Production-ready Retrieval-Augmented Generation (RAG) pipelines powered by InterSystems IRIS Vector Search

Build intelligent applications that combine large language models with your enterprise data using battle-tested RAG patterns and native vector search capabilities.

License: MIT Python 3.11+ InterSystems IRIS

Why IRIS Vector RAG?

🚀 Production-Ready - Six proven RAG architectures ready to deploy, not research prototypes

Blazing Fast - Native IRIS vector search with HNSW indexing, no external vector databases needed

🔧 Unified API - Swap between RAG strategies with a single line of code

📊 Enterprise-Grade - ACID transactions, connection pooling, and horizontal scaling built-in

🎯 100% Compatible - Works seamlessly with LangChain, RAGAS, and your existing ML stack

🧪 Fully Validated - Comprehensive test suite with automated contract validation

Available RAG Pipelines

Pipeline Type Use Case Retrieval Method When to Use
basic Standard retrieval Vector similarity General Q&A, getting started, baseline comparisons
basic_rerank Improved precision Vector + cross-encoder reranking Higher accuracy requirements, legal/medical domains
crag Self-correcting Vector + evaluation + web search fallback Dynamic knowledge, fact-checking, current events
graphrag Knowledge graphs Vector + text + graph + RRF fusion Complex entity relationships, research, medical knowledge
multi_query_rrf Multi-perspective Query expansion + reciprocal rank fusion Complex queries, comprehensive coverage needed
pylate_colbert Fine-grained matching ColBERT late interaction embeddings Nuanced semantic understanding, high precision

Quick Start

1. Install

# Clone repository
git clone https://github.com/intersystems-community/iris-rag-templates.git
cd iris-rag-templates

# Setup environment (requires uv package manager)
make setup-env
make install
source .venv/bin/activate

2. Start IRIS Database

# Start IRIS with Docker Compose
docker-compose up -d

# Initialize database schema
make setup-db

# Optional: Load sample medical data
make load-data

3. Configure API Keys

cat > .env << 'EOF'
OPENAI_API_KEY=your-key-here
ANTHROPIC_API_KEY=your-key-here  # Optional, for Claude models
IRIS_HOST=localhost
IRIS_PORT=1972
IRIS_NAMESPACE=USER
IRIS_USERNAME=_SYSTEM
IRIS_PASSWORD=SYS
EOF

4. Run Your First Query

from iris_rag import create_pipeline

# Create pipeline with automatic validation
pipeline = create_pipeline('basic', validate_requirements=True)

# Load your documents
from iris_rag.core.models import Document

docs = [
    Document(
        page_content="RAG combines retrieval with generation for accurate AI responses.",
        metadata={"source": "rag_basics.pdf", "page": 1}
    ),
    Document(
        page_content="Vector search finds semantically similar content using embeddings.",
        metadata={"source": "vector_search.pdf", "page": 5}
    )
]

pipeline.load_documents(documents=docs)

# Query with LLM-generated answer
result = pipeline.query(
    query="What is RAG?",
    top_k=5,
    generate_answer=True
)

print(f"Answer: {result['answer']}")
print(f"Sources: {result['sources']}")
print(f"Retrieved: {len(result['retrieved_documents'])} documents")

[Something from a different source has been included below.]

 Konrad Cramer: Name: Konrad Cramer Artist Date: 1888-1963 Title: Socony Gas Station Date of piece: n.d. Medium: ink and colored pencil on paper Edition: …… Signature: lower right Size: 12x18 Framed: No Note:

Unified API Across All Pipelines

Switch RAG strategies with one line - all pipelines share the same interface:

from iris_rag import create_pipeline

# Try different strategies instantly
for pipeline_type in ['basic', 'basic_rerank', 'crag', 'multi_query_rrf', 'graphrag']:
    pipeline = create_pipeline(pipeline_type)

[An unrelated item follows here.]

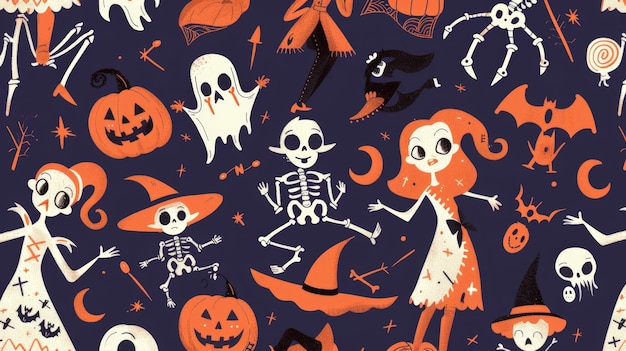 Create a whimsical Halloween pattern with cartoonish witches goblins and playful skeletons perfect for children39s Halloween products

    result = pipeline.query(
        query="What are the latest cancer treatment approaches?",
        top_k=5,
        generate_answer=True
    )

    print(f"\n{pipeline_type.upper()}:")
    print(f"  Answer: {result['answer'][:150]}...")
    print(f"  Retrieved: {len(result['retrieved_documents'])} docs")
    print(f"  Confidence: {result['metadata'].get('confidence', 'N/A')}")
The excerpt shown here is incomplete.